Distributed MySQL with Vitess
Ubiquitous
Whereas IT organizations in the past maintained individual setups with separate infrastructures, scalable platforms today almost inevitably set the tone. Because customers take it for granted that their providers will continually reduce the cost of IT infrastructure and its operation, today IT can only be operated efficiently if it relies on sheer mass.
In the past, admins might have had a few dozen systems in their care; however, today they are more likely to have hundreds of machines or even more. Of course, this also affects the applications that run on these platforms: They need to be able to grow along with the environments. Several examples do this impressively, including Ceph, which offers storage that grows with the usage scenario, or applications that adhere to a cloud-ready design and can internally scale seamlessly at every level.

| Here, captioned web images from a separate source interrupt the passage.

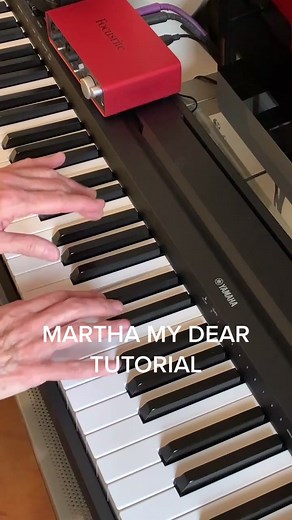 Learn How to Play Martha My Dear on Piano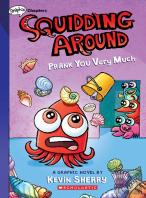 Squidding Around: Prank You Very Much
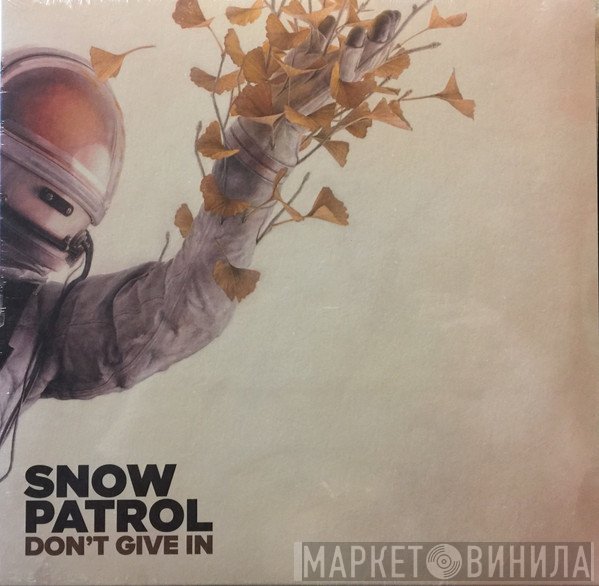 Snow Patrol  - Don't Give In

The trend toward scaling does not stop at databases either. You might think this topic no longer needs further consideration. After all, you have Galera for MySQL and a cornucopia of solutions for PostgreSQL that retrofit scalability. Unfortunately, it's not that simple. Galera (Figure 1) has a fan base, but comes with architectural weaknesses that often make its use impossible. PostgreSQL is nowhere near as popular as MariaDB or MySQL; it is used in far fewer setups and is considered more complicated and cumbersome. Not to mention that quite a few of the replication solutions for PostgreSQL are also plagued with critical design flaws.
Vitess [1], a scalability solution for MySQL that has proven itself over the years at YouTube, deliberately does a few things differently from Galera. The authors promise seamless scalability with reliable consistency, as well as several additional features such as an internal engine that optimizes database queries to eke out more performance. At least according to the advertising, Vitess – in combination with MySQL – is the perfect database solution for scalable setups and, in turn, also for cloud setups.
Challenges
Before I turn directly to Vitess, it might be useful to briefly outline the basic challenges of a distributed database system to help understand why special software is needed at all to implement scaled databases. After all, the question of why a single MySQL instance on powerful hardware is not enough is quite legitimate and not at all easy to answer. The same applies to the question of why a single dataset from MySQL cannot be easily distributed to any number of MySQL instances on the back end.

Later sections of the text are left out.